Show every line of the data that contains the string "type".

▸ **SOURCE INFORMATION**:
####
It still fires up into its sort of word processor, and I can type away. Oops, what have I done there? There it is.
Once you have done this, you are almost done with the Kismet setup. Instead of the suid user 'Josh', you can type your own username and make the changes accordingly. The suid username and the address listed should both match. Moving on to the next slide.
####
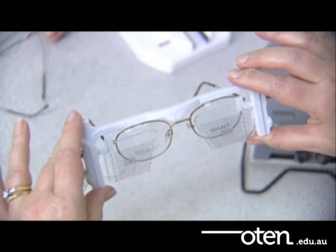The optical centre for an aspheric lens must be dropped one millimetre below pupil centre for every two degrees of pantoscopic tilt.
####
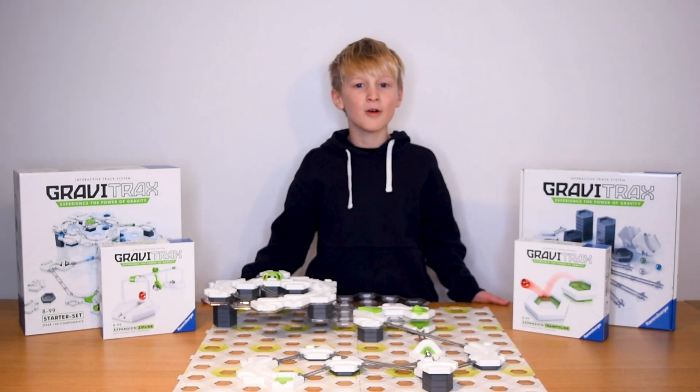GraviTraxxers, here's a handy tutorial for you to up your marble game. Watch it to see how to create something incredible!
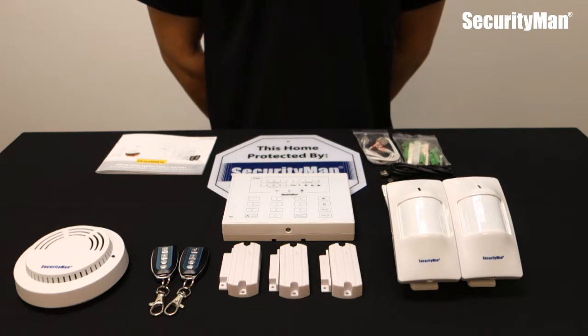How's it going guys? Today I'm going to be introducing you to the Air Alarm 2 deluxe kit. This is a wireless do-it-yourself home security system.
####
▸ **ANSWER SPACE**:
It still fires up into its sort of word processor, and I can type away. Oops, what have I done there? There it is.
Once you have done this, you are almost done with the Kismet setup. Instead of the suid user 'Josh', you can type your own username and make the changes accordingly. The suid username and the address listed should both match. Moving on to the next slide.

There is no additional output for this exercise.